Cumhurbaşkanı Recep Tayip Erdoğan, Türkiye İşveren Sendikaları Konfederasyonu (TİSK) Genel Kurulu’na katılarak bir konuşma yaptı.

Niyet halis olduğunda, yapıcı bir yaklaşım benimsendiğinde, çalışma hayatında çözülemeyecek hiçbir sorun olmadığını hep birlikte gördüklerini kaydeden Cumhurbaşkanı Erdoğan,  "İnşallah önümüzdeki dönemde de aynı anlayışla, beraberce ülkemize daha büyük ve tarihî hizmetler kazandırmayı sürdüreceğiz." şeklinde konuştu.

Erdoğan, sözlerini şöyle sürdürdü:

"Türkiye'nin, ekonominin tüm alanlarındaki ölçeği, küresel rekabet gücünün bir ifadesi olarak fevkalade yükselmiş, büyümüştür. Makro ekonomik göstergeleri, ülkemizin hangi alanlarda 3 kat, 5 kat, 10 kat büyüdüğünü sizler zaten yakından takip ediyorsunuz. Burada dikkat çekmek istediğim husus, Türkiye'nin bilhassa son 10 yılda maruz kaldığı siyasi ve ekonomik engellemelere, tuzaklara, saldırılara rağmen bölgesel ve küresel liderlik seviyesine ulaşmasıdır.

Asıl hedeflerimize yönelmek için daha büyük atılımlar yapmaya hazırlandığımız bir dönemde ardı ardına yaşadığımız hadiselerin hepsinin de gerisinde ülkemizi belirli bir çizginin altında tutma niyeti vardır. Cumhuriyet tarihi boyunca defalarca tecrübe ettiğimiz bu senaryo, milletimizle birlikte verdiğimiz kararlı mücadele sayesinde ilk defa işe yaramamış, çeyrek asır geriye gidişimizle sonuçlanmamıştır. Bu süreçte elbette bedeller ödedik, kayıplar da verdik. En basitinden dünya milli gelir sıralamasında bugün bulunduğumuz yerin 2 kat üzerinde bir yere ulaşabilecekken biraz daha sabretmek mecburiyetinde kaldık. Gerçi milli gelirin satın alma paritesine göre hesabında 11. sıraya yükseldik. Ama biz bunu yeterli görmüyoruz."

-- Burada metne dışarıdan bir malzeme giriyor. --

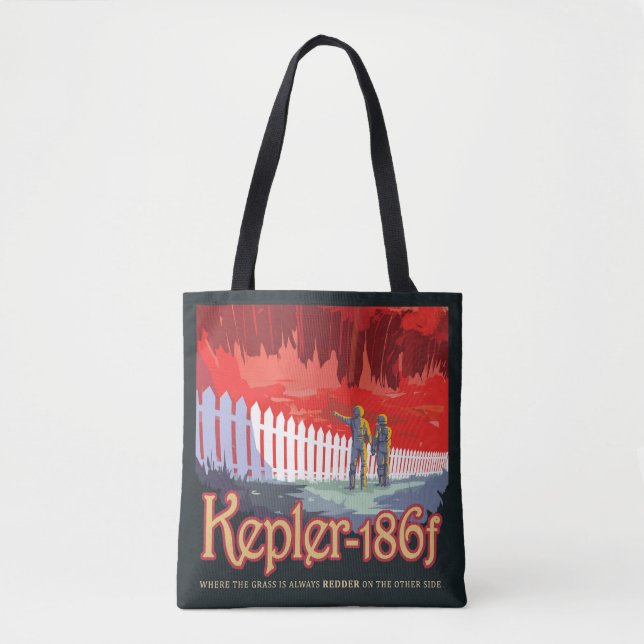 Tote Bag Poster De L'Espace Rétro De Kepler-186f. (Devant)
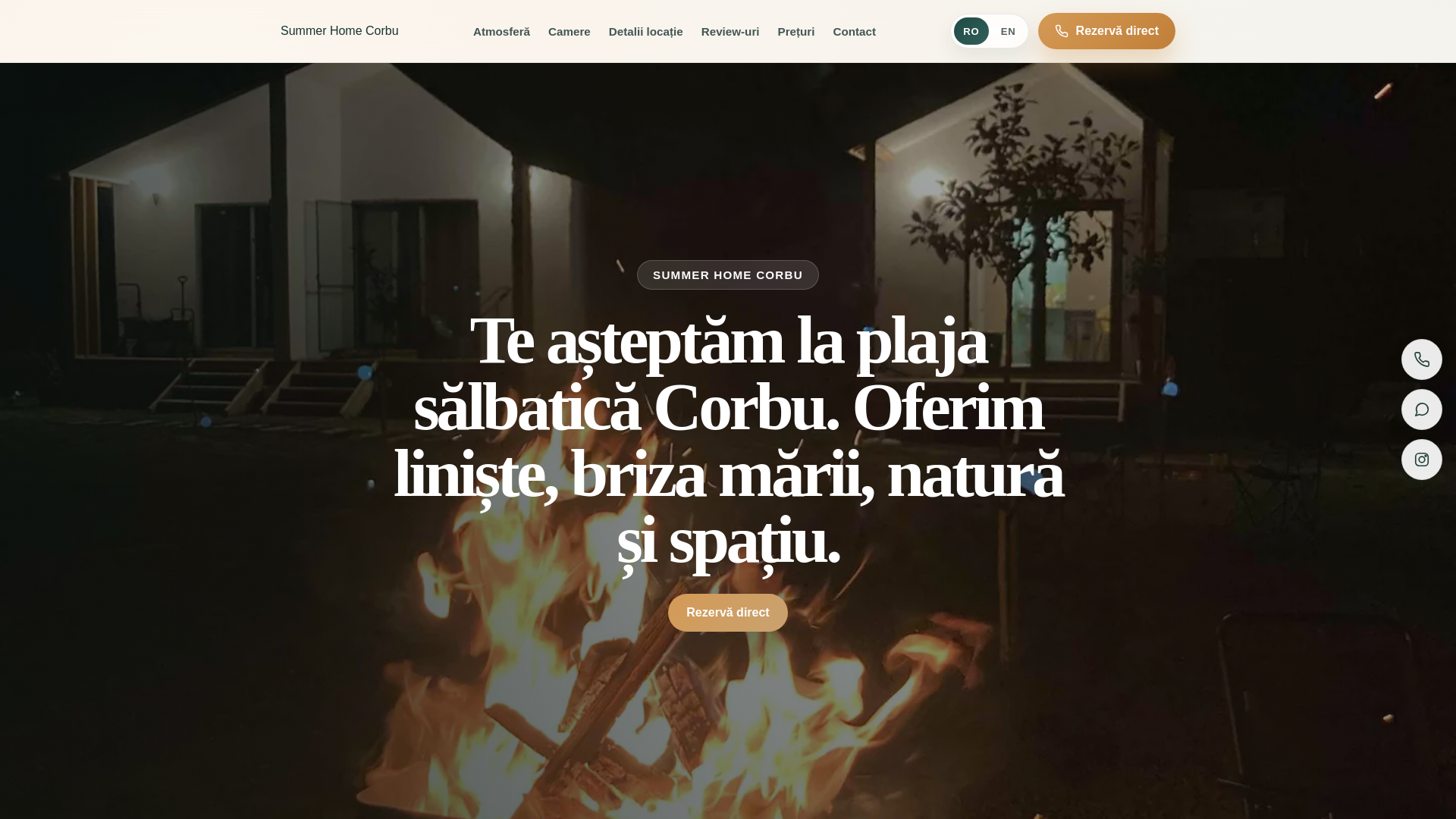 website screenshot of https://summerhomecorbu.ro/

Ekonomi programını başarıya ulaştırarak, küresel krizleri fırsata dönüştürerek ve hep birlikte daha çok çalışarak, Türkiye'yi dünyanın en büyük ilk 10 ekonomisi arasına çıkartacaklarını vurgulayan Cumhurbaşkanı Erdoğan, "Bundan kimsenin şüphesi olmasın. İş dünyamız da vatandaşlarımız da müsterih olsunlar." ifadesini kullandı.

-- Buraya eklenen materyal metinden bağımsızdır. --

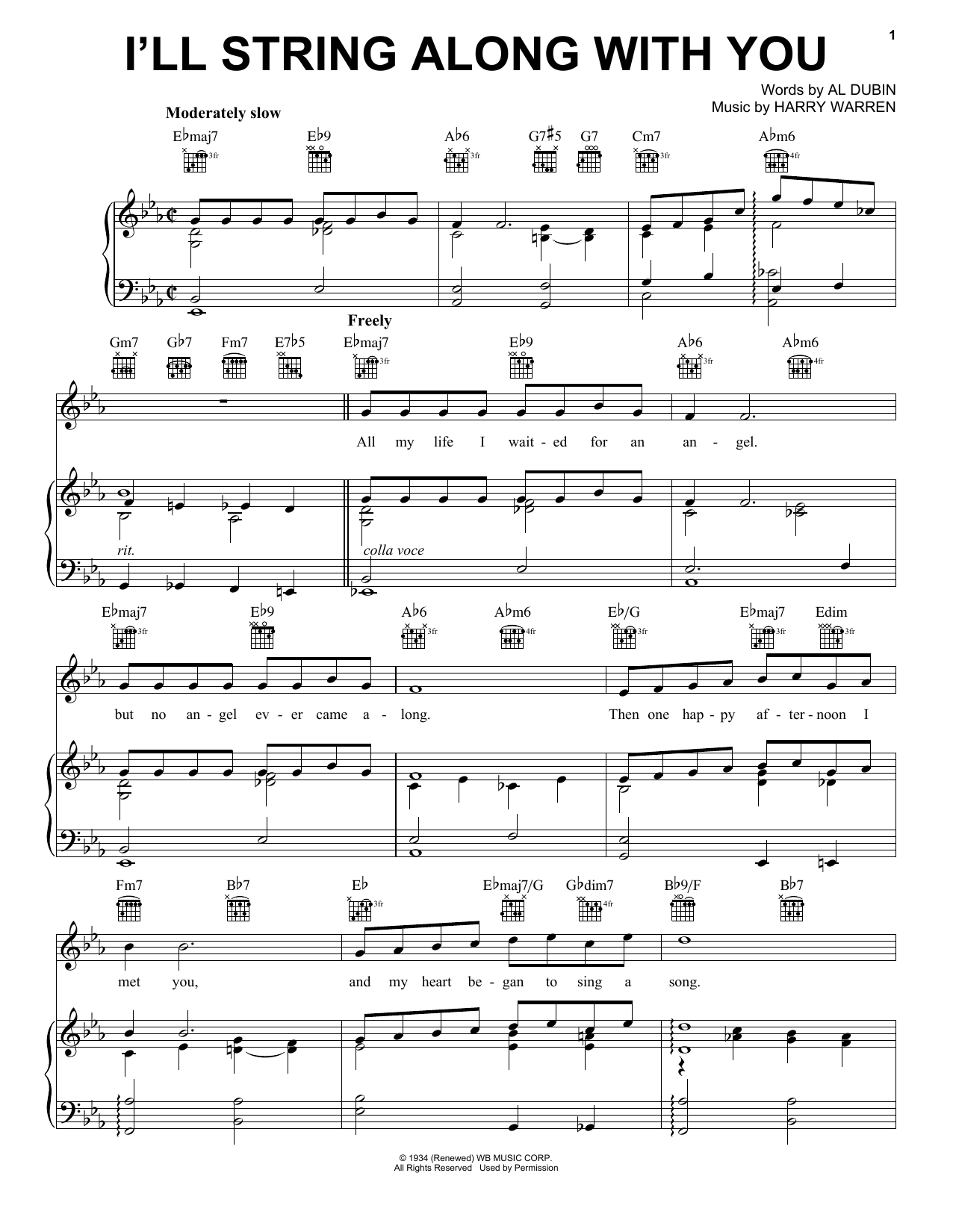 Harry Warren & Al Dubin I'll String Along With You sheet music notes and chords arranged for Piano, Vocal & Guitar Chords (Right-Hand Melody)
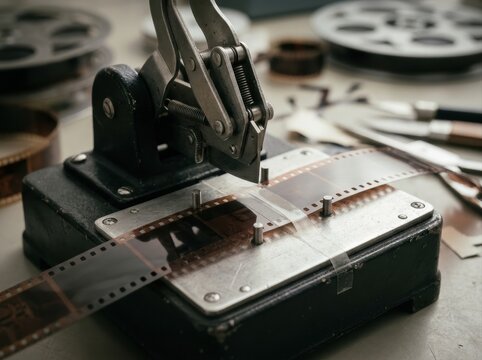 35mm film splicer closeup Vintage film splicer cutting and joining old movie film strips on a table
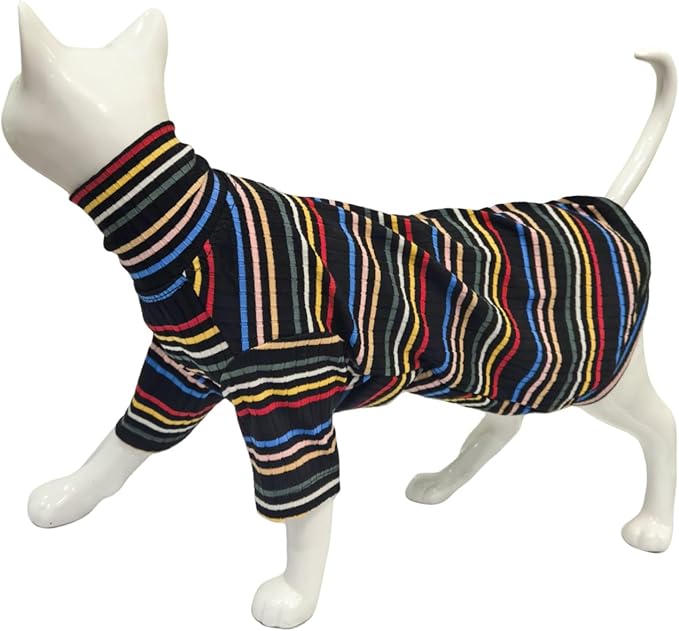 Turtle Neck Vintage Stripes Sphynx Hairless Cat Cotton T-Shirts Pet Clothes Vest Kitten Shirts Sleeveless, Cats & Small Dogs Apparel (Dark Rainbow, L (7-8.8 lbs))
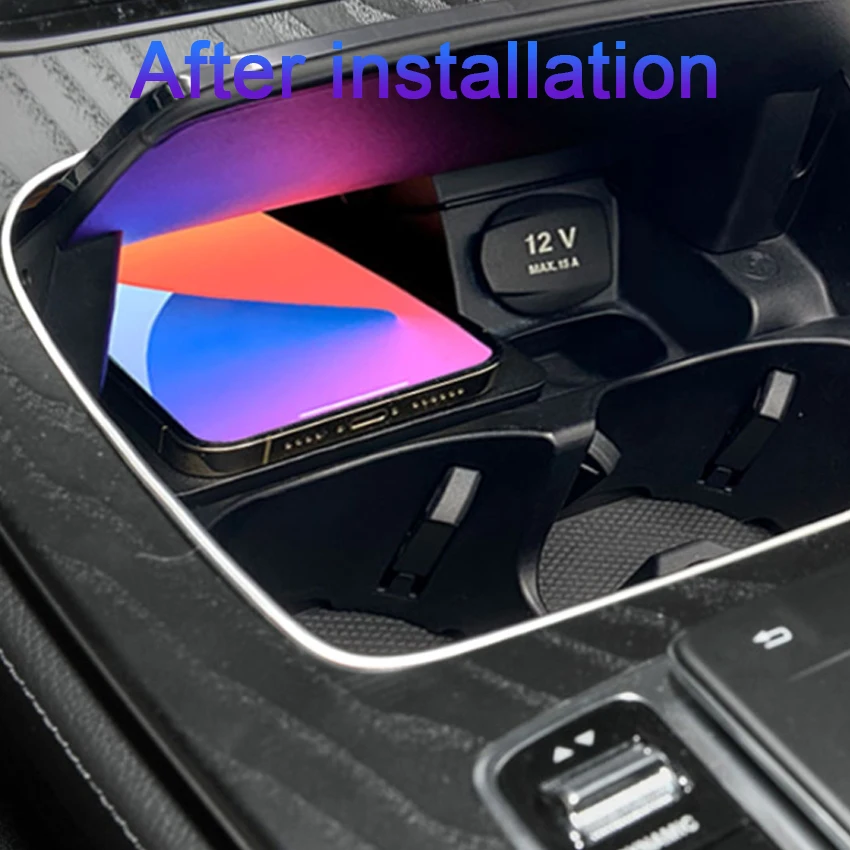 Фото Беспроводное зарядное устройство QI Fast Phone, автомобильные аксессуары для Mercedes-Benz MB E Class Coupe E260 E300 E200 2016-2024, автомобильное индукционное зарядное устройство №3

Erdoğan, "Ekonomimizi faiz, kur, enflasyon şer üçgeninde teslim alma girişimlerinin yol açtığı sıkıntıların da farkındayız. Sebeplerini bildiğimiz bu sıkıntıların sonuçlarını önce hafifletmek, ardından da tamamen ortadan kaldırmak için yoğun ve kararlı bir çalışma içindeyiz." dedi.

"Enflasyon, şubat ayından itibaren daha makul ve kontrolü kolay bir yere gelecektir"

Cumhurbaşkanı Erdoğan, dün TÜİK tarafından açıklanan enflasyon verilerinin, iyileşmenin sürdüğünü gösterdiğini aktararak, "İnşallah yılbaşı ile bu iyileşme hızlanacak. Özellikle önümüzdeki şubat ayından itibaren daha makul ve kontrolü kolay bir yere gelecektir." diye belirtti.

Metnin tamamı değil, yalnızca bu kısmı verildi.